#### [TASK]
What follows is a set of entries. Give them again exactly, without the pictures.

------------------------

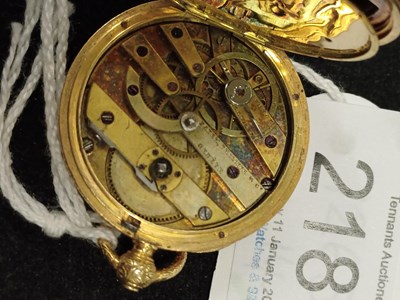 Lot 2181 - A Lady's Garnet and Diamond Set Fob Watch,...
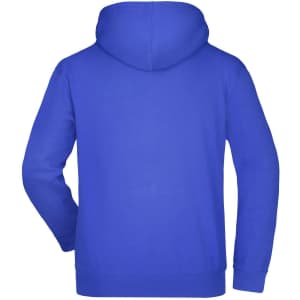 A blue hooded sweatshirt featuring a simple design and a logo on the back.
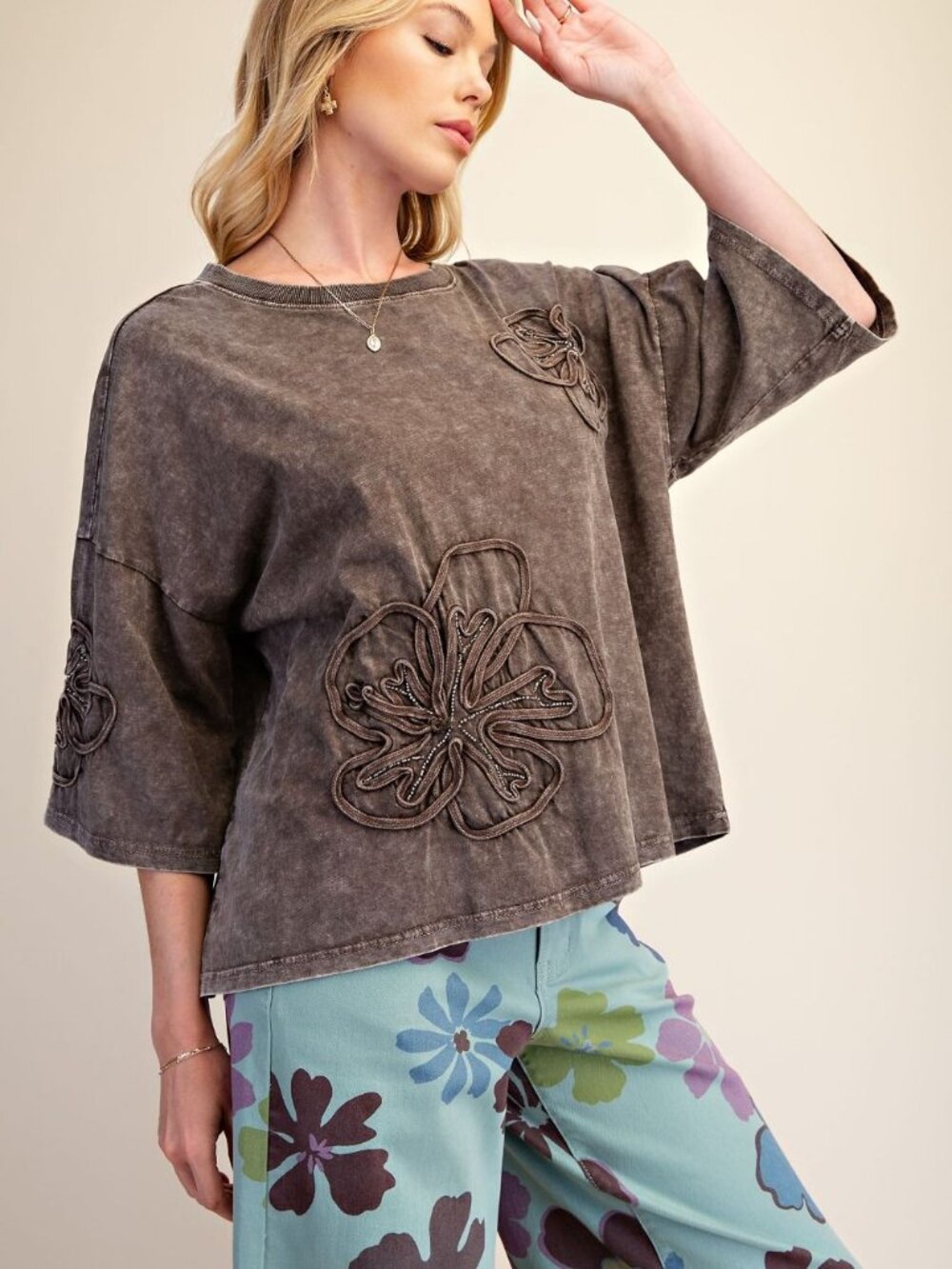 103 EASEL BROWN EMBROIDERY DETAILING WASHED TERRY TOP FLOWER SML NWT BOHO SUMMER
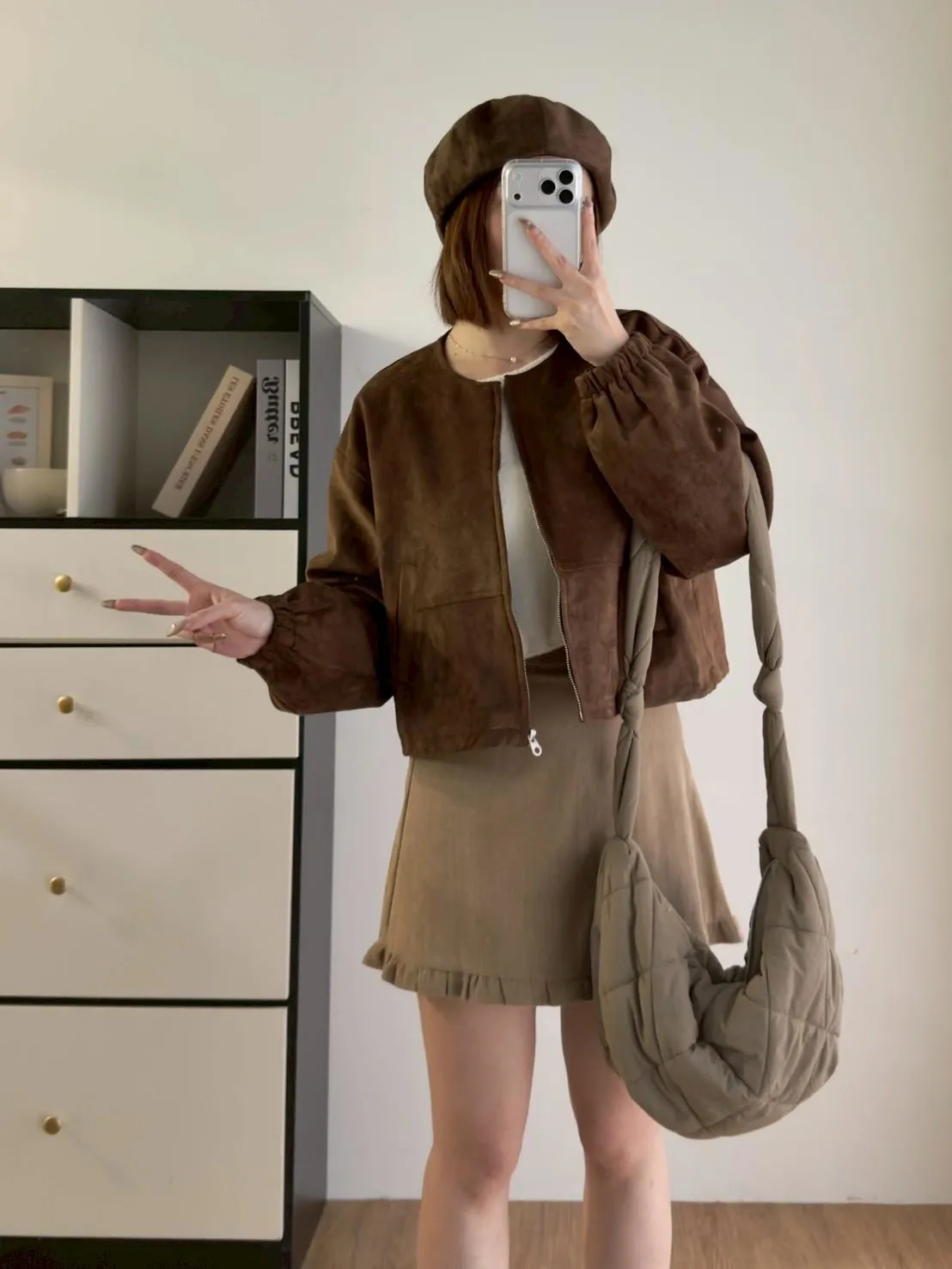 圓領麂皮絨外套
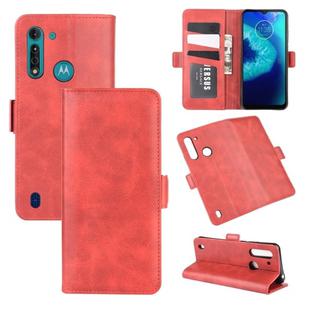 For Motorola Moto G8 Power Lite Dual-side Magnetic Buckle Horizontal Flip Leather Case with Holder & Card Slots & Wallet(Red)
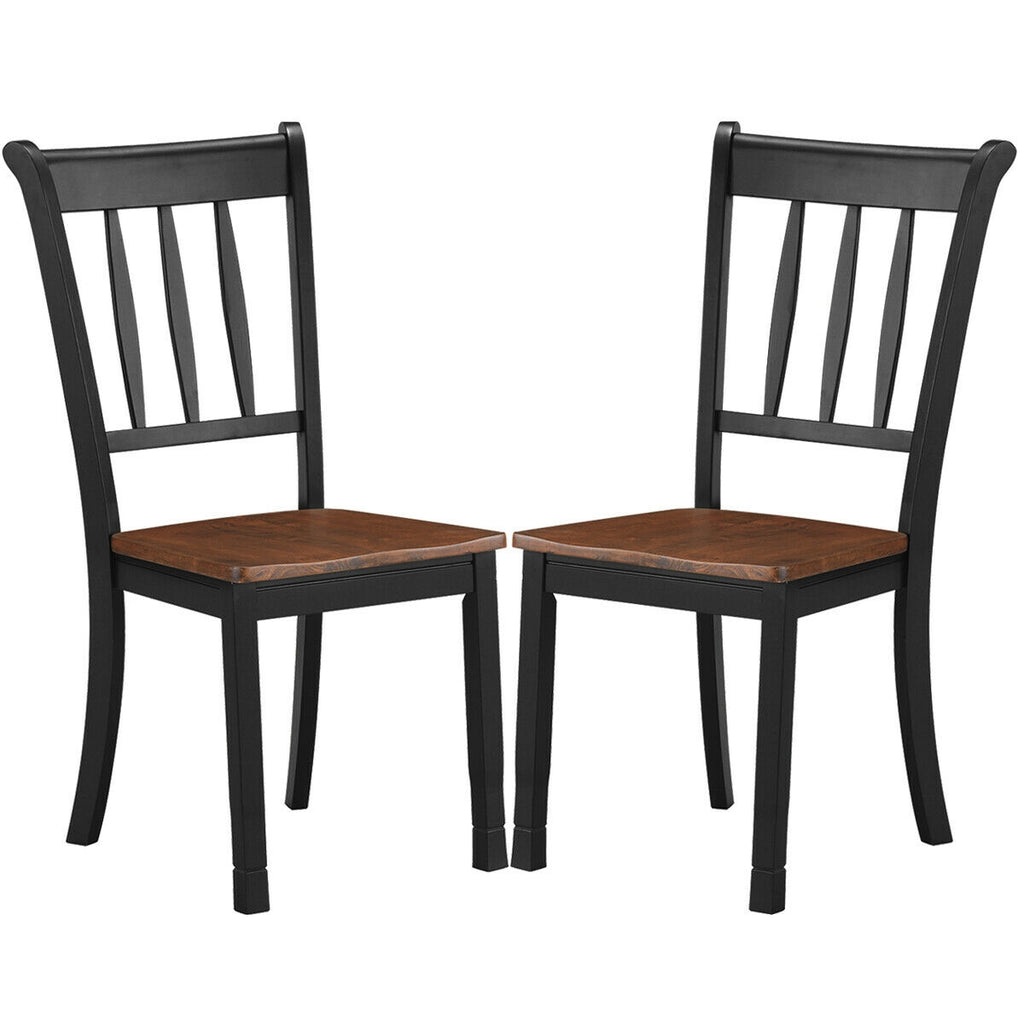 Solid Wood Spindle Back Dining Chairs - Style 2, Black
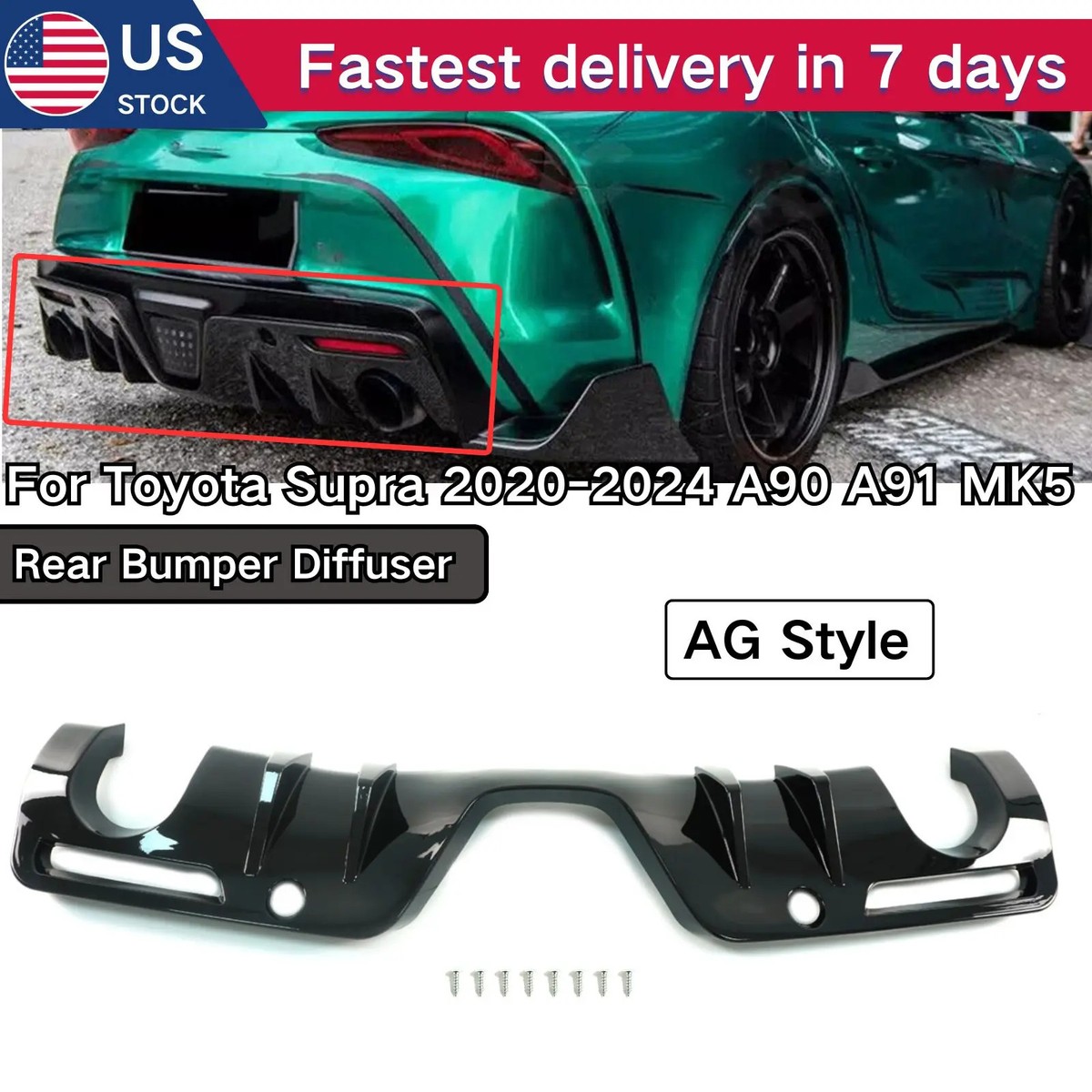 For Toyota Supra 2020-2024 All Models A90 A91 MK5 Rear Bumper Diffuser Add-On 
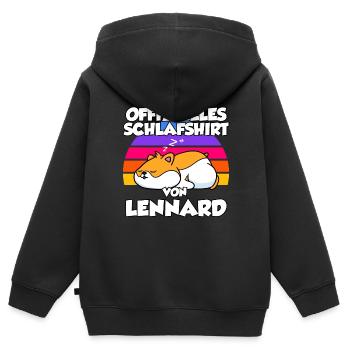 Offizielles Schlafshirt Von Lennard - Kinder Premium Organic Zip Hoodie - Schwarz - Hinten - AI Model Kid Male (0cm)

------------------------

#### [TASK RESULT]
 Lot 2181 - A Lady's Garnet and Diamond Set Fob Watch,...
 A blue hooded sweatshirt featuring a simple design and a logo on the back.
 103 EASEL BROWN EMBROIDERY DETAILING WASHED TERRY TOP FLOWER SML NWT BOHO SUMMER
 圓領麂皮絨外套
 For Motorola Moto G8 Power Lite Dual-side Magnetic Buckle Horizontal Flip Leather Case with Holder & Card Slots & Wallet(Red)
 Solid Wood Spindle Back Dining Chairs - Style 2, Black
 For Toyota Supra 2020-2024 All Models A90 A91 MK5 Rear Bumper Diffuser Add-On 
 Offizielles Schlafshirt Von Lennard - Kinder Premium Organic Zip Hoodie - Schwarz - Hinten - AI Model Kid Male (0cm)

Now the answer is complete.